Two-level HLM model (student and school) 
Type I error rate (alpha) = .05 

Intra-class correlation (rho) = .05 

Number of sites = 11 

Average number of students/site = 47 
Minimum power level = 80% 


This analysis indicates that there is sufficient statistical power to detect an intervention 
effect of less than one-fifth standard deviation in the project as planned. 


Data Collection Plan: Included in this report are the analyses of the REWARDS 
program intervention impact on student achievement as represented by NYS ELA test 
performance. Data were collected pre- and post-intervention on the state-mandated 
English Language Arts examination. Pre-intervention testing occurred April 26-28, 
2010, and post-intervention testing occurred May 3-6, 2011. These measures were 
administered by NYCDOE staff. 


The NYS English Language Arts Exam Grade 7 is the required New York State 
test for students in grades 3-8. Psychometrics are established yearly by New York State 
Education Department (Cronbach’s alpha reliability=.92). The grade 7 test consists of a 
section containing multiple-choice and short-response questions based on reading 
selections and a section containing multiple-choice and short-response questions based on 
a listening selection, as well as an editing task. Raw scores are converted to Scale Scores 
(2011 Mean = 663.71, Standard Deviation = 19.60), and Performance Levels (i.e., 1, 2, 3, 
or 4) which are established annually based on the Scale Scores. 


Summary of Analytic Approach 
To estimate the impact of the REWARDS program intervention on student 


achievement, Hierarchical Linear Models (HLMs) were used.
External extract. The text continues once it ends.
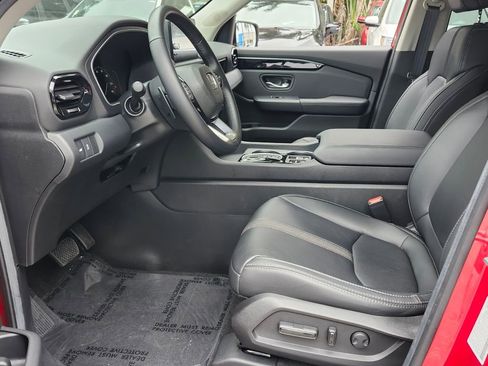 Certified 2025 Honda Pilot EX-L image 5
The data from the NYS 
ELA consisted for 3 dependent variables: Scale Scores, Performance Level (1, 2, 3, or 
4), and Pass/Fail outcome. These analyses focused on the intent-to-treat samples that are 
detailed in Intent to Treat Descriptive Variable Analyses Report. A two-level model was 
employed, with student and school as the levels. For the variables analyzed and included 
in this report, there were few or no missing data. In the event there were missing data, 
they were deleted listwise by the SPSS mixed model analysis. 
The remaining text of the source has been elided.